The Galleries now features a core group of 15 artists, most of whom live California.

Youngman said the thing that she misses most about the old space was the large front window in the main building.

“We now have about one-fourth of the window space we used to have. I notice a difference in how much we can feature,” said Youngman.

However, she said, “The space is now smaller, more manageable, and I can control the inventory better.”

Traces of the newspaper business also still remain in the new galleries.

“We left the old wallpaper in the bathroom, which features newspapers dating back to the 1920s. We also left a big 1920s or 1930s map of the United States on the wall, although we put a really big painting over it,” said Youngman.

Building the business

Youngman started learning business in high school. Later, she worked as an executive secretary for the Hughes Aircraft Company, a major aerospace company founded by Howard Hughes in 1932.

She learned a great deal about art from her father, who was also a minister.

“I absorbed the way he painted. He had art books all around. He was a minister at the Assembly of God in Riverside, but we moved around a lot, from Yucaipa to Fillmore to Lake Elsinore,” said Youngman.

Youngman said the majority of buyers for artwork now live in California, “60 percent in state and 40 percent out of state, which is a reversal from prior years.”

Wineries typically do not buy traditional art. Youngman said instead, they opt for “photographs or something more modern.”

Prices at Youngman Galleries range from $500 for small tabletop sculptures to up to $8,000 for very large paintings, except for Ralph Love’s work, which is more expensive, fetching up to $24,000.

Choosing great work

Youngman, who has owned the galleries since she founded it in 1985, said one of her standout artists is her father, Ralph Love.

Love, who lived from 1907 to 1992, was a self-taught Western artist renowned for painting the Grand Canyon and Southwest desert scenes. His work hangs in the de Young Museum in San Francisco, the Northern Arizona Museum in Flagstaff, and many other galleries east to Oklahoma. Youngman said Love’s work “is in a different category” than that of her other artists, who are contemporary sculptors and painters.

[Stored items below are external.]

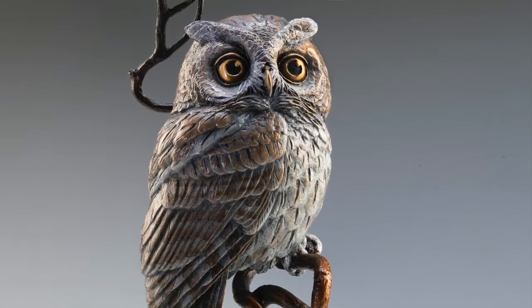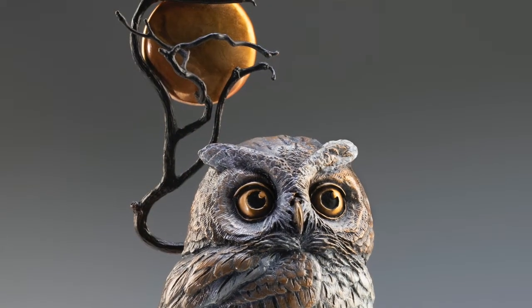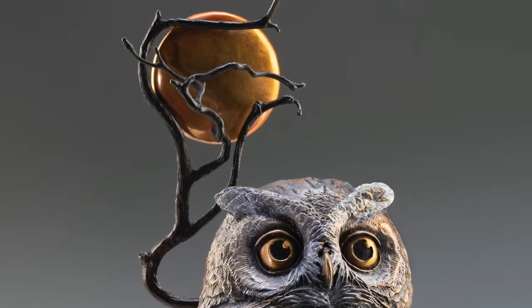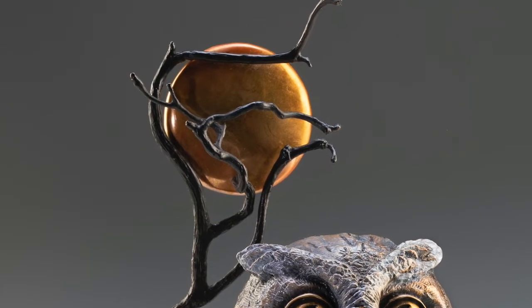Moonlight. In this case, she's done the almost impossible — she's created a nocturnal in bronze, and she's done that magnificently by tucking a golden moon into the branch of the tree on which she perched her owl. It's nothing short of genius.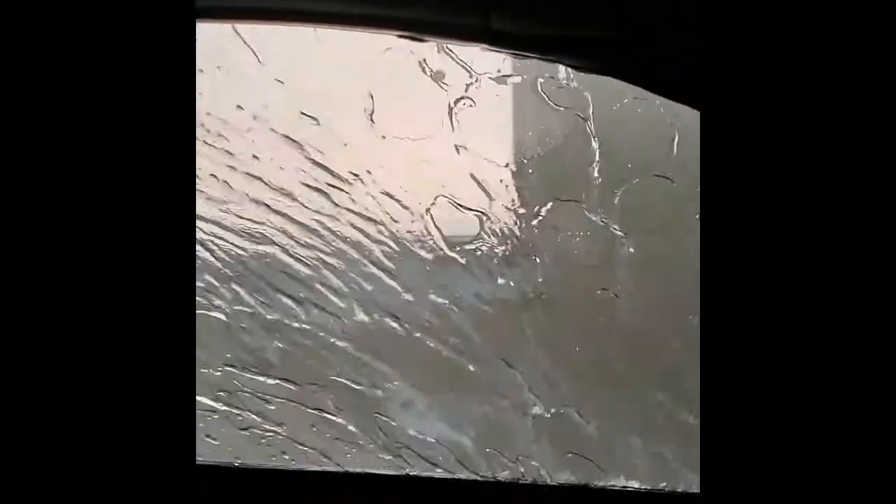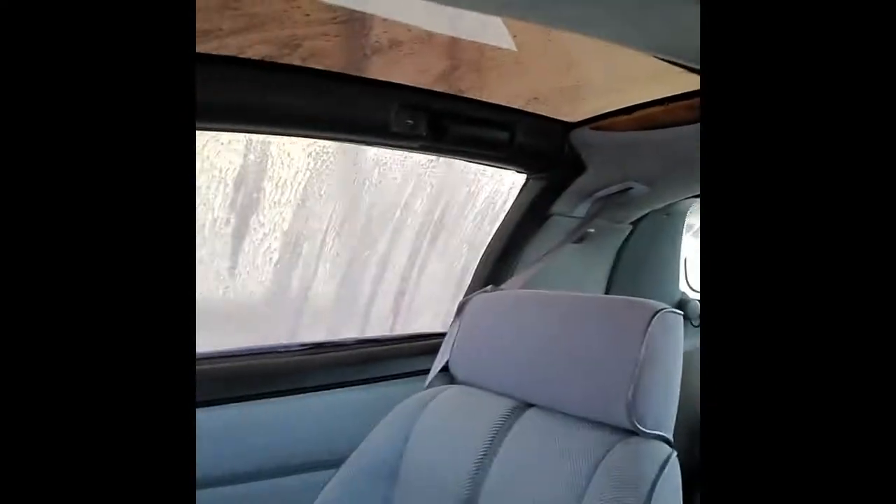Got the Camaro back and decided to put it through a car wash to see if there were any leaks. And yes, there are some in very expected places — mainly the door sill where the T-top meets it. So I'm going to have to replace those seals.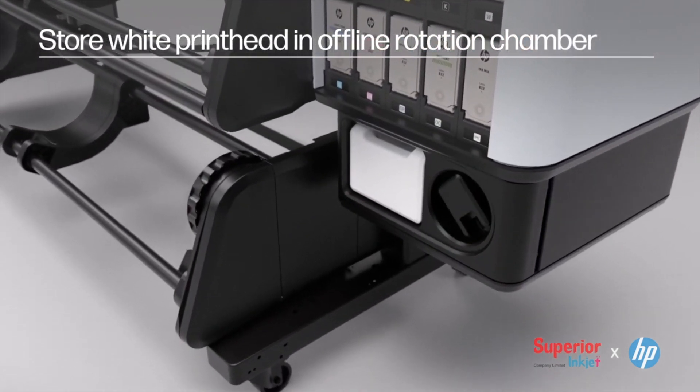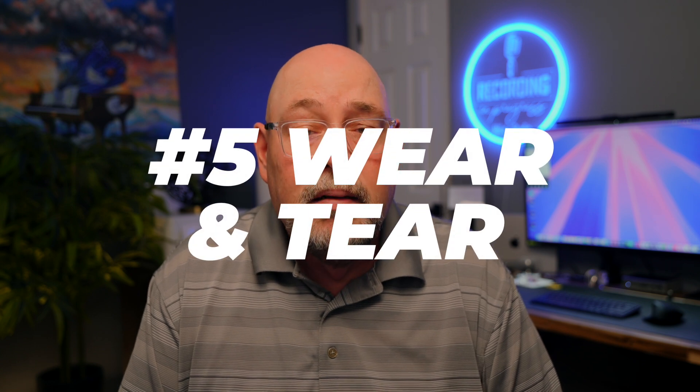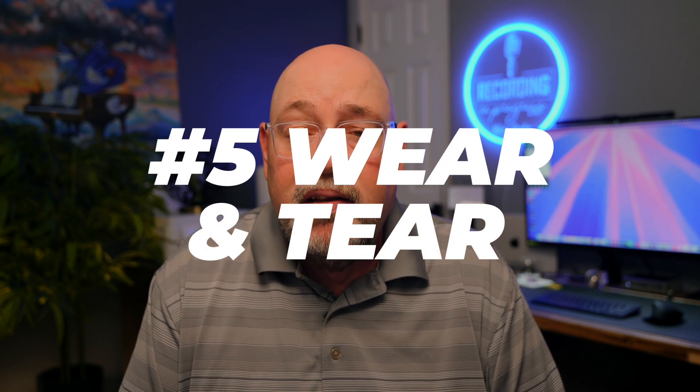Number five: increased wear and tear. The abrasive nature of titanium dioxide can cause more wear on the printheads and other components of the printer. This can lead to a shorter lifespan for these parts, requiring more frequent replacement or repair.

“Almost all of my other artists are within driving distance, from Truckee to the peninsula. The farthest is in Southern California. The closest is my husband, Paul Youngman, who lives here in Calistoga,” she said.

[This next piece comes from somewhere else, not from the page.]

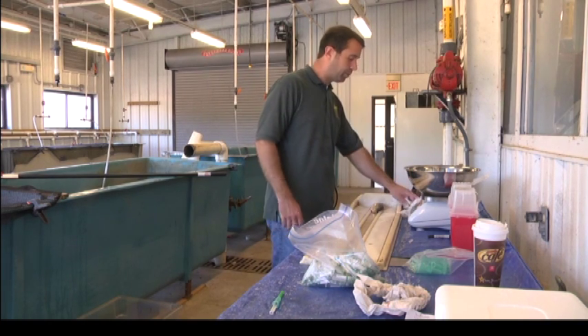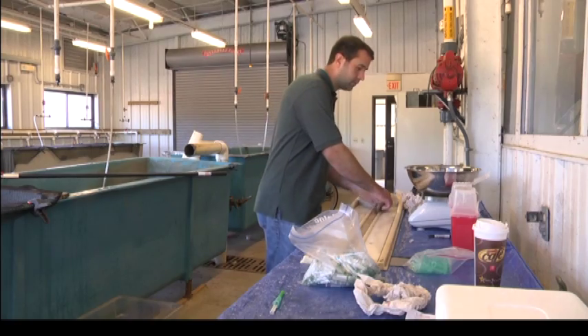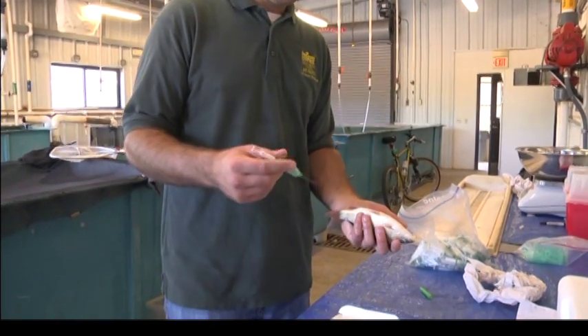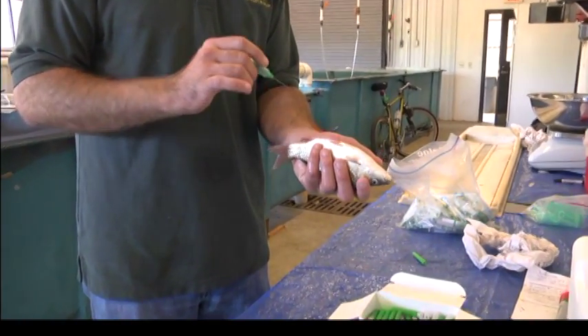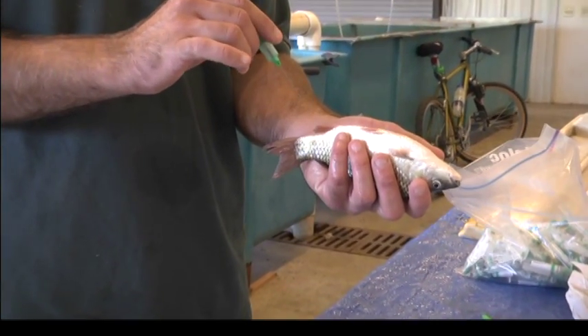162 grams, 20.3 centimeters. One other thing about when you actually push the vacutainer down onto the needle — again, you don't want to do that until you know you're on the vertebrae and know you're on the caudal vein.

Youngman also said the majority of the painters are landscape artists.

“One specializes in San Francisco cityscapes and another paints interiors of restaurants, including pictures of the Culinary Institute of America campus in St. Helena. Paul (Youngman) mostly paints landscapes of California wine country. His work has been in movies, including “Wine Country” (2018, starring Tina Fey) and “Bottle Shock” (2008, starring Chris Pine),” she said.

Youngman also features sculptures at her gallery include bronze butterflies and cats, humorous wood carvings from Texas, and wood and alabaster vessels with intricate patterns. She picks artists by attending art shows, including the Sonoma Plein Air Art Festival and the Carmel Art Festival.

“When I meet the artist, I talk to them and get a sense of whether they will work in my gallery. I also get between two to three resumes a month of people who want to be in the gallery,” she said.

Changing business strategies

Youngman said running a gallery can be unpredictable.

“You don’t have a regular salary and you never know what’s going to come in. If I don’t sell, there’s no money to run the gallery,” she said.

Yet she enjoys the social aspect of the business.

“I love meeting people and so many nice people who come in. Often I see collectors who visited the galleries 20 years ago,” said Youngman.

Youngman said she uses different strategies to market art than she did 20 years ago.

“We use our website and do a lot of marketing online. We still do some advertising in print magazines, but not as much anymore. I also run two to three ads a year in American Art Review (a prominent art magazine),” she said.

Despite all of the changes she has made in recent years, Youngman remains proud of showcasing fine art in Napa Valley.

“If something gives you joy, you do it,” Youngman said.

Cynthia Sweeney contributed to this story.